▶ **Try it**
Scan the following data for lines with "Product" and state how many there are, as a number only.

[Records supplied Boundary: Start]

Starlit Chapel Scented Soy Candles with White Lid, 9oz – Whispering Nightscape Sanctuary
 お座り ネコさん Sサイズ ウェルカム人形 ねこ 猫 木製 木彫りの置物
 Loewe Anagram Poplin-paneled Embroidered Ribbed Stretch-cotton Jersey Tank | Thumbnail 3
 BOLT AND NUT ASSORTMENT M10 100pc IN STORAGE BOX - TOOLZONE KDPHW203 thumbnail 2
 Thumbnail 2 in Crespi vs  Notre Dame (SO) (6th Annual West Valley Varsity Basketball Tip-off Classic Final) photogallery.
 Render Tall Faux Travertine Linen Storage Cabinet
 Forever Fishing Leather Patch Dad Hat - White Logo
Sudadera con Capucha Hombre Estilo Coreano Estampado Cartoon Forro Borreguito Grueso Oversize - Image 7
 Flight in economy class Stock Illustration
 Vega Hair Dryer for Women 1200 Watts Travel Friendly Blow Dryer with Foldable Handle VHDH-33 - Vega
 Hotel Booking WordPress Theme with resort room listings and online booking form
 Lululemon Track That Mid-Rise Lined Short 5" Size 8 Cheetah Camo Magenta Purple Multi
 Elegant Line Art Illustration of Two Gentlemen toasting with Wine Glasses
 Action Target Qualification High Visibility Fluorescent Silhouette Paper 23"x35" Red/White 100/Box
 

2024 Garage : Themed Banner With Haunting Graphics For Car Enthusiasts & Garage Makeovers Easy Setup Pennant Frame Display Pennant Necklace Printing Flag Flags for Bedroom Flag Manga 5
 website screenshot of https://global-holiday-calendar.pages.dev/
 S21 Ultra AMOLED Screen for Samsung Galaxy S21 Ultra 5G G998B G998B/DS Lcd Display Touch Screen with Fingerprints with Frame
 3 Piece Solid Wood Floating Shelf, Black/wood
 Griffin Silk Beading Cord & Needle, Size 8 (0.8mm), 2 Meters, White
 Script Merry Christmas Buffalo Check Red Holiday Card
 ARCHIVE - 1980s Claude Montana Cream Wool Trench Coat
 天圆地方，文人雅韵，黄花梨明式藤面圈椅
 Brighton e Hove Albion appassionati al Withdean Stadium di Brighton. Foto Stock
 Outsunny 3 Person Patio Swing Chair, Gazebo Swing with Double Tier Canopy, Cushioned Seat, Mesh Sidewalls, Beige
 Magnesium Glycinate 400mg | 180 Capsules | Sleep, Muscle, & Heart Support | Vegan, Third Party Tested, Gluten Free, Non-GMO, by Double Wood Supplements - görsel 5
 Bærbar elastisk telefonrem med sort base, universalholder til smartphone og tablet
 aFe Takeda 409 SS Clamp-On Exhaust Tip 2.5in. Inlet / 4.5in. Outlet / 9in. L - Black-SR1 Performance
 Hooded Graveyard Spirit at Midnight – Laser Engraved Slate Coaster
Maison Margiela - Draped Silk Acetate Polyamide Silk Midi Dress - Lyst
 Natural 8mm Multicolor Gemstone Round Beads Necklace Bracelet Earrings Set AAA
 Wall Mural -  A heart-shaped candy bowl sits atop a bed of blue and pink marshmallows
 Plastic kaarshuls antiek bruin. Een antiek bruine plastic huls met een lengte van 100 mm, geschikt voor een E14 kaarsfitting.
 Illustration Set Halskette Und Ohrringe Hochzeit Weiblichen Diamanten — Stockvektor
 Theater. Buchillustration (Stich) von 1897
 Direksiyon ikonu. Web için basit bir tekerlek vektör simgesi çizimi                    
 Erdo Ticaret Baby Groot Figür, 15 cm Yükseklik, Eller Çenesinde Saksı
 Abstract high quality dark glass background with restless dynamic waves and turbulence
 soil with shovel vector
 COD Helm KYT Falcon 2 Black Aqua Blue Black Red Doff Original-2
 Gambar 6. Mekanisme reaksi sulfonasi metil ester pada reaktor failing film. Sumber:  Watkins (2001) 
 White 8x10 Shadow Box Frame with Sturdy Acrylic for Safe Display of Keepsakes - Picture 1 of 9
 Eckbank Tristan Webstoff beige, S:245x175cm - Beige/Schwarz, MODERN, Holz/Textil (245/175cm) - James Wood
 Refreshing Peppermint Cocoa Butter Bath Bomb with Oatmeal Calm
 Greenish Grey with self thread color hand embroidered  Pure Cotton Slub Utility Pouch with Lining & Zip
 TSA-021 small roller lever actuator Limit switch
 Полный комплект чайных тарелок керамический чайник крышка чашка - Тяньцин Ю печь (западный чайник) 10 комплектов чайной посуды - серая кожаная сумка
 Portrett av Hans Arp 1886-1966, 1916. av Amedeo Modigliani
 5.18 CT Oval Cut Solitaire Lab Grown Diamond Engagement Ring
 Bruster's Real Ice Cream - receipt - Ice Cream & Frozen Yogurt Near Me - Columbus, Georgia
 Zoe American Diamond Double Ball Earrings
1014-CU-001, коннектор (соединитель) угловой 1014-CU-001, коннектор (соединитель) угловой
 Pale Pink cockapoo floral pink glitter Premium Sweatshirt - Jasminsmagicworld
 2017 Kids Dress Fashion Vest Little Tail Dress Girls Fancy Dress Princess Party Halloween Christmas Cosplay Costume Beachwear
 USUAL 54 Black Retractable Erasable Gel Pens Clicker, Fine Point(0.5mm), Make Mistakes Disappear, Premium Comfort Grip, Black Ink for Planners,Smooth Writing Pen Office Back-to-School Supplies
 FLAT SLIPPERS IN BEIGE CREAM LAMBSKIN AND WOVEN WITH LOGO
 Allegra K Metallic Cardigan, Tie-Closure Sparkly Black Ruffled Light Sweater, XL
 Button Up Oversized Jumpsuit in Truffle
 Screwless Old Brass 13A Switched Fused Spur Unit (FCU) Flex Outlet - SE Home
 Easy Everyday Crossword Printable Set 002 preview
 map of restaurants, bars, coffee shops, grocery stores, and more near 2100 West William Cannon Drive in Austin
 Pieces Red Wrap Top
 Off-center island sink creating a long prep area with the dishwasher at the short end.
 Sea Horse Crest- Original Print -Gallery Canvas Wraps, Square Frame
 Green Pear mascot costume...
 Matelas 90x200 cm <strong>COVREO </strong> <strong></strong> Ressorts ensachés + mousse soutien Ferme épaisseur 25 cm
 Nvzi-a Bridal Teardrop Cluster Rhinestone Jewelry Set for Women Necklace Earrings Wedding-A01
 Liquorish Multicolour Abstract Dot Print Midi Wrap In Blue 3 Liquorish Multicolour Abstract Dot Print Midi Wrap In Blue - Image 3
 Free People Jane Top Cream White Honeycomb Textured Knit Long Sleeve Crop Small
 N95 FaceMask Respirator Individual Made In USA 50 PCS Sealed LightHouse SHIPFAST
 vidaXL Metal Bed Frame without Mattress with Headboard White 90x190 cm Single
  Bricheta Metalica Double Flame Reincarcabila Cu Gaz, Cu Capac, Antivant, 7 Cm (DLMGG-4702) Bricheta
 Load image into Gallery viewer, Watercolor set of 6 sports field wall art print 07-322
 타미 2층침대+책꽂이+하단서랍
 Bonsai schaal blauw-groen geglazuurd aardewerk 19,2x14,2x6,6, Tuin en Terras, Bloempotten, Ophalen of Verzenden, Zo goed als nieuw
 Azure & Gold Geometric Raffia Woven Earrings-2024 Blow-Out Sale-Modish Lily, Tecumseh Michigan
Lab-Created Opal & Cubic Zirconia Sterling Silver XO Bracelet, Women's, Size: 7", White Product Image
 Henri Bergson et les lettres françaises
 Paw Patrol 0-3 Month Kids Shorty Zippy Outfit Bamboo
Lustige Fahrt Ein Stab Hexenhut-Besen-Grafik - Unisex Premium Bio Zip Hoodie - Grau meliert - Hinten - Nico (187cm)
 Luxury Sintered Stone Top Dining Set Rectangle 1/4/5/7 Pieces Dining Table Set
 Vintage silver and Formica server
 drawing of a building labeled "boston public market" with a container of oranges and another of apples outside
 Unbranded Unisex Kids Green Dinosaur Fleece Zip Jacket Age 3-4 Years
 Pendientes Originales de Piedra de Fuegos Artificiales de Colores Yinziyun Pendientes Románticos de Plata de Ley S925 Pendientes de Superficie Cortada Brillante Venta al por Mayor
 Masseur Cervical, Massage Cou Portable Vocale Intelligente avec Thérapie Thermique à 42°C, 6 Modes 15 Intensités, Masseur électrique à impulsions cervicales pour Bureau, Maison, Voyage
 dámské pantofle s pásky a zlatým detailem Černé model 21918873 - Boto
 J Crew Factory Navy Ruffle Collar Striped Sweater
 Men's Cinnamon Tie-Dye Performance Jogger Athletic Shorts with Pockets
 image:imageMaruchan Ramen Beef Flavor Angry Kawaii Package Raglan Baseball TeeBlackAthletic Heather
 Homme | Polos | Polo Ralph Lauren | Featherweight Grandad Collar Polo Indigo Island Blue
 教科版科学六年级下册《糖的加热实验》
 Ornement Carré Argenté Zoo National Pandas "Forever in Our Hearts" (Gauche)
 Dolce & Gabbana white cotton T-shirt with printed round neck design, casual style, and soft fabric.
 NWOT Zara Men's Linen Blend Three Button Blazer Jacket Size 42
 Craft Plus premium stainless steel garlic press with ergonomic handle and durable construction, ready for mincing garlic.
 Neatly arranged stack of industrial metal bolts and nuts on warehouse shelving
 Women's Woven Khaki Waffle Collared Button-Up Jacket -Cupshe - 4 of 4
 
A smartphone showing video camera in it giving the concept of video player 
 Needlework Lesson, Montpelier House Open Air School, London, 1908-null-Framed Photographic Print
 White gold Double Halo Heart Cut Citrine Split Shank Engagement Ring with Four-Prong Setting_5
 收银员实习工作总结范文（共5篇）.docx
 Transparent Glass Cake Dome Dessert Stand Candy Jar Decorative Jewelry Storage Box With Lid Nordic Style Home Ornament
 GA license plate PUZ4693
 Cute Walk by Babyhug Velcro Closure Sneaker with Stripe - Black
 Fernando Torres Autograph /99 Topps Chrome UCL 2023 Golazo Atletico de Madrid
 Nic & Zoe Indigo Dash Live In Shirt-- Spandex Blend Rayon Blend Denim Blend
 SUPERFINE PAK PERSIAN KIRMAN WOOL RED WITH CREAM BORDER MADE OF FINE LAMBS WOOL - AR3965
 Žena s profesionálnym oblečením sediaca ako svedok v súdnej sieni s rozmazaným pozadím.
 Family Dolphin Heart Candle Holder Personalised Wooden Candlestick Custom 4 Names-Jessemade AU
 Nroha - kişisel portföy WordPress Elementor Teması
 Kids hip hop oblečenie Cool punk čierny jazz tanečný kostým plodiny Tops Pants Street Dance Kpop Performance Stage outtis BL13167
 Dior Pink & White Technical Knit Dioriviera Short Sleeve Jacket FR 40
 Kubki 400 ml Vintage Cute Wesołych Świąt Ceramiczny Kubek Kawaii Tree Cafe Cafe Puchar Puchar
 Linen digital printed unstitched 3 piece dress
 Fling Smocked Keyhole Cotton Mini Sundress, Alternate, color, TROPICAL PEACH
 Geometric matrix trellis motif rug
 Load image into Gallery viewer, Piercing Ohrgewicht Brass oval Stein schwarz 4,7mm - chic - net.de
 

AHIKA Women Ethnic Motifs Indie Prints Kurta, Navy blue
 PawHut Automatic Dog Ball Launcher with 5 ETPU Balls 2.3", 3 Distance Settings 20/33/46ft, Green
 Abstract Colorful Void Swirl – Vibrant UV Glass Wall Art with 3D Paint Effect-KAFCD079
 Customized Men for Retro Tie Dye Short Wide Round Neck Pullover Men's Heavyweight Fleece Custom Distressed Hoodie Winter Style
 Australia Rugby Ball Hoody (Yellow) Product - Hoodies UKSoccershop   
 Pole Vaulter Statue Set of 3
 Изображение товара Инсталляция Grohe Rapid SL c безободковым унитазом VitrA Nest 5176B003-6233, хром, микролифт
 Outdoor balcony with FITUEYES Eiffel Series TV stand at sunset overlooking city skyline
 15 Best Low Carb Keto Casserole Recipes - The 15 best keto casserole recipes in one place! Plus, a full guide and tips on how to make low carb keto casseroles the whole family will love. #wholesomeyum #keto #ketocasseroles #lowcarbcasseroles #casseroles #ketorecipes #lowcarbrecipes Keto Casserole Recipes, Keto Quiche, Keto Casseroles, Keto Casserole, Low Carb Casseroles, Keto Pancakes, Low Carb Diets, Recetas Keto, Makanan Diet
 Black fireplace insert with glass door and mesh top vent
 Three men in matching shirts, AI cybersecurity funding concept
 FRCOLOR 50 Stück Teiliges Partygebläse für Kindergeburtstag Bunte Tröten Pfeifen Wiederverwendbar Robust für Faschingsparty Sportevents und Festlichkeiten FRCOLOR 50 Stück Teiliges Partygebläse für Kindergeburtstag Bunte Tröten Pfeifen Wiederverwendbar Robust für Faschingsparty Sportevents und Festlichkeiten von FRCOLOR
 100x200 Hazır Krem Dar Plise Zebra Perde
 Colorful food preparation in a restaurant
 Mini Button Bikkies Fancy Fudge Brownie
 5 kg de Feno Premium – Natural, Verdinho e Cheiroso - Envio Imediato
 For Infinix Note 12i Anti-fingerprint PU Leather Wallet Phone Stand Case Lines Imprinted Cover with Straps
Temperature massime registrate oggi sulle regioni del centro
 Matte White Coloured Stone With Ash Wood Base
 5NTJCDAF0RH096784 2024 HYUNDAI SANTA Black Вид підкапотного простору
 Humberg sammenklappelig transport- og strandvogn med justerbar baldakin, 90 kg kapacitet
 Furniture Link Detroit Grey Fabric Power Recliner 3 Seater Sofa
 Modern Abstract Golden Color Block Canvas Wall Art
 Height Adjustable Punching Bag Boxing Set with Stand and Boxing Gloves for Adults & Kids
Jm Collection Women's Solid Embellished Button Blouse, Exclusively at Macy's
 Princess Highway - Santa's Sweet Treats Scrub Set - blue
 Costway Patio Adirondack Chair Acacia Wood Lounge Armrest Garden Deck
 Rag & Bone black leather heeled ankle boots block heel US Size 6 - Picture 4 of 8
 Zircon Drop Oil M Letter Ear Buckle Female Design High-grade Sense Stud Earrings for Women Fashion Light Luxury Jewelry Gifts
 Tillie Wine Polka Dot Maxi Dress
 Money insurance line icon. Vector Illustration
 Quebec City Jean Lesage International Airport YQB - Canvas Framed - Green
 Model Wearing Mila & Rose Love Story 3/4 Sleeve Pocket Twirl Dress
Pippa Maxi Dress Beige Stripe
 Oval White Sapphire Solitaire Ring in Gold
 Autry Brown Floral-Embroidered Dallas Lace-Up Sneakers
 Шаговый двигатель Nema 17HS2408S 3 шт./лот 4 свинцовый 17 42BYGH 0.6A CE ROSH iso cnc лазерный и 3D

[Records supplied Boundary: End]

▶ **Your solution**
2